> Task requirements: Using the line with "plate of cookies on dark brown background" as your starting point, transcribe it and each line beneath it word for word until the records run out, without pictures.
☆ ☆ ☆ ☆ ☆
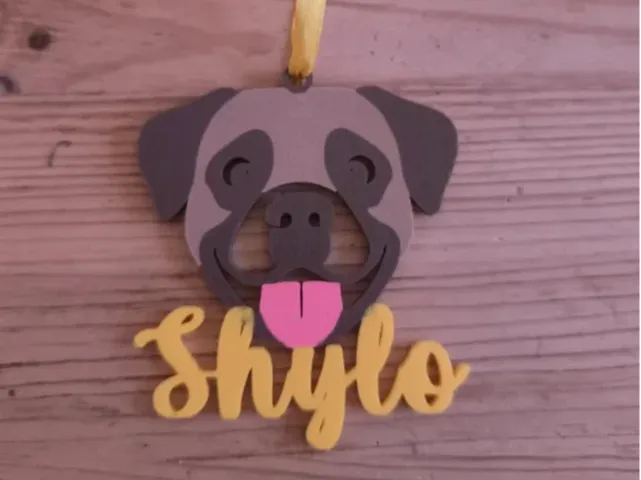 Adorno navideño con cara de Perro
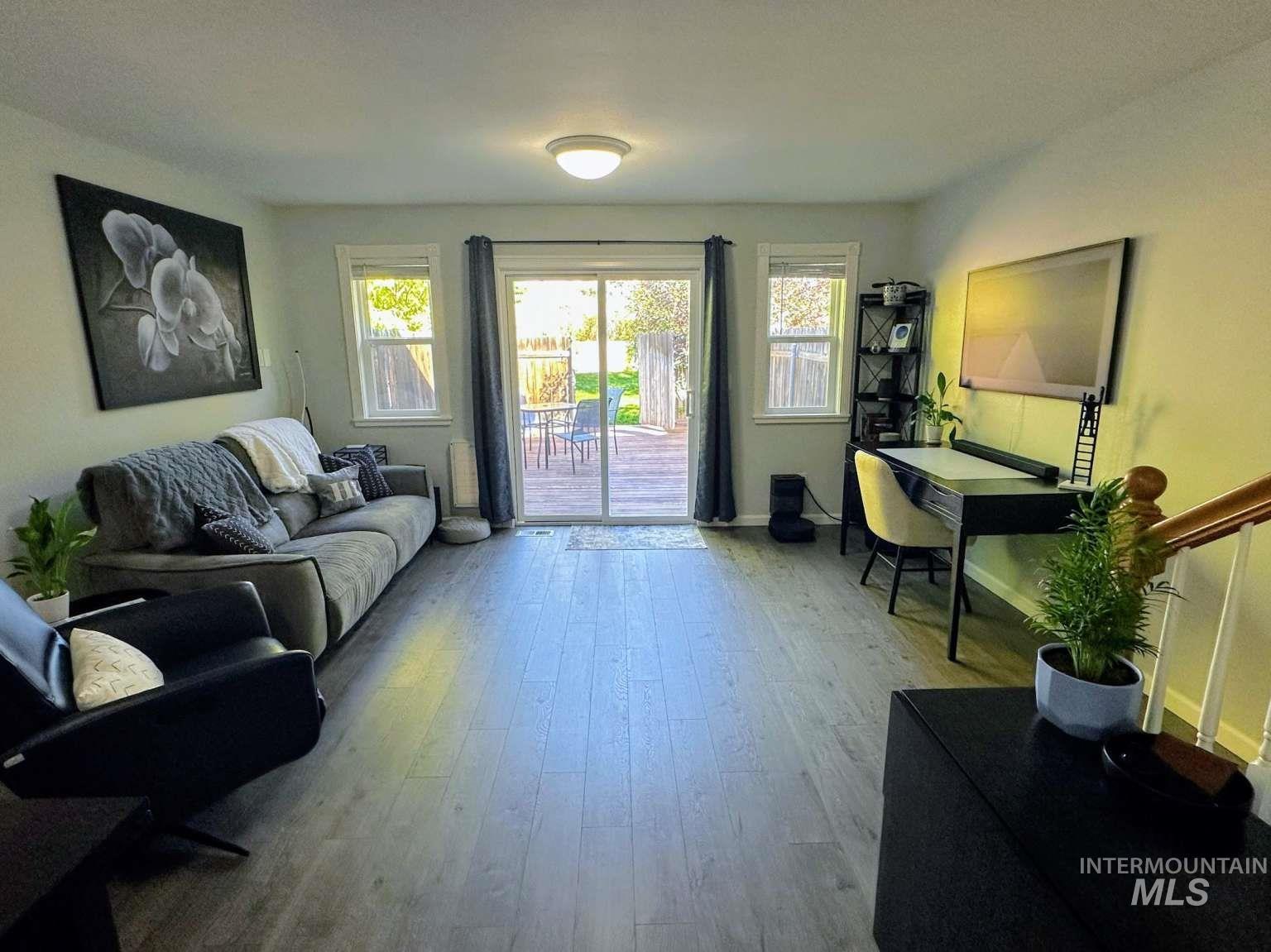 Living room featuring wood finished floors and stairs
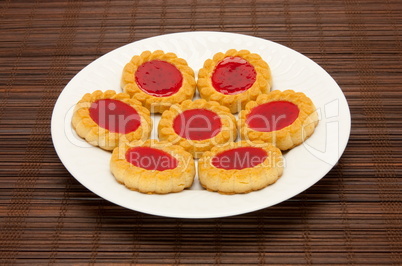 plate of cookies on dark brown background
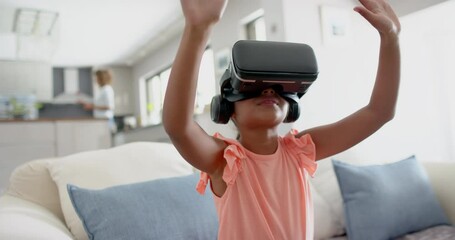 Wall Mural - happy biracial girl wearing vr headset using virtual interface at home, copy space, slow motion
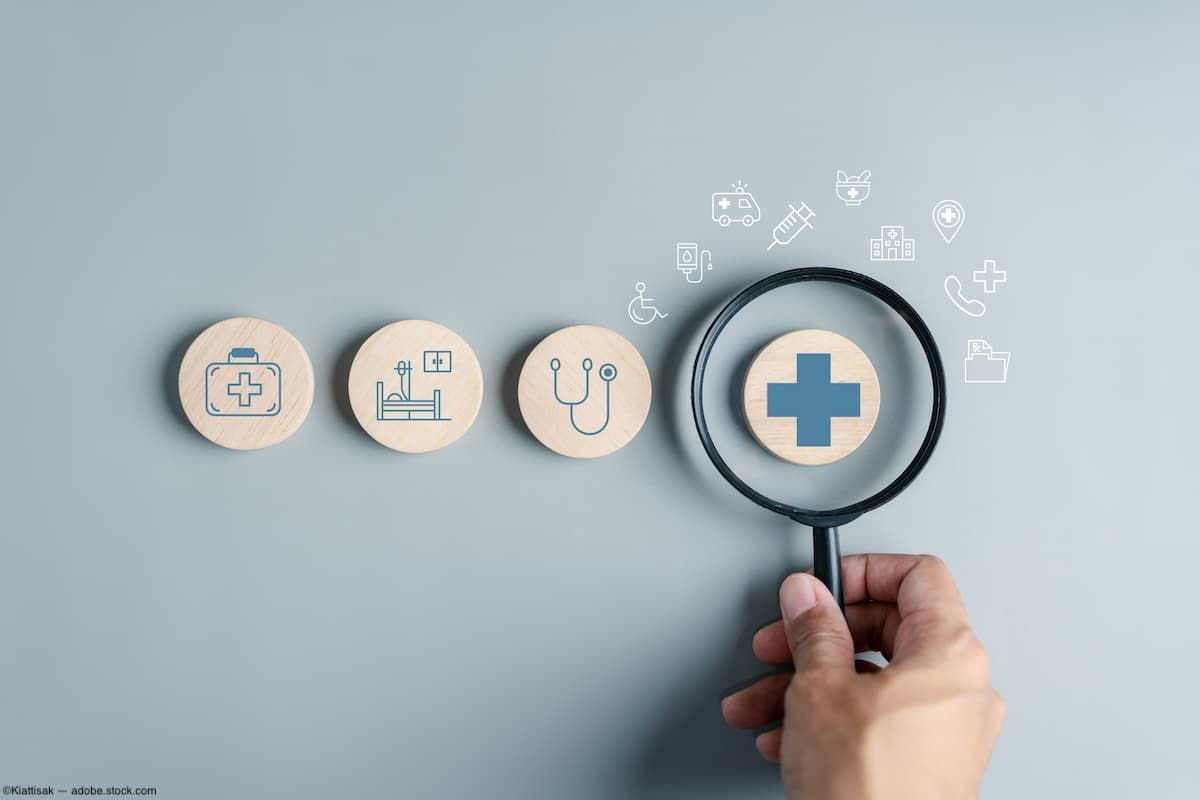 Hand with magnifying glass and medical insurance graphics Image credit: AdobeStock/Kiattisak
☆ ☆ ☆ ☆ ☆
> Output of the task:
 plate of cookies on dark brown background
 Wall Mural - happy biracial girl wearing vr headset using virtual interface at home, copy space, slow motion
 Hand with magnifying glass and medical insurance graphics Image credit: AdobeStock/Kiattisak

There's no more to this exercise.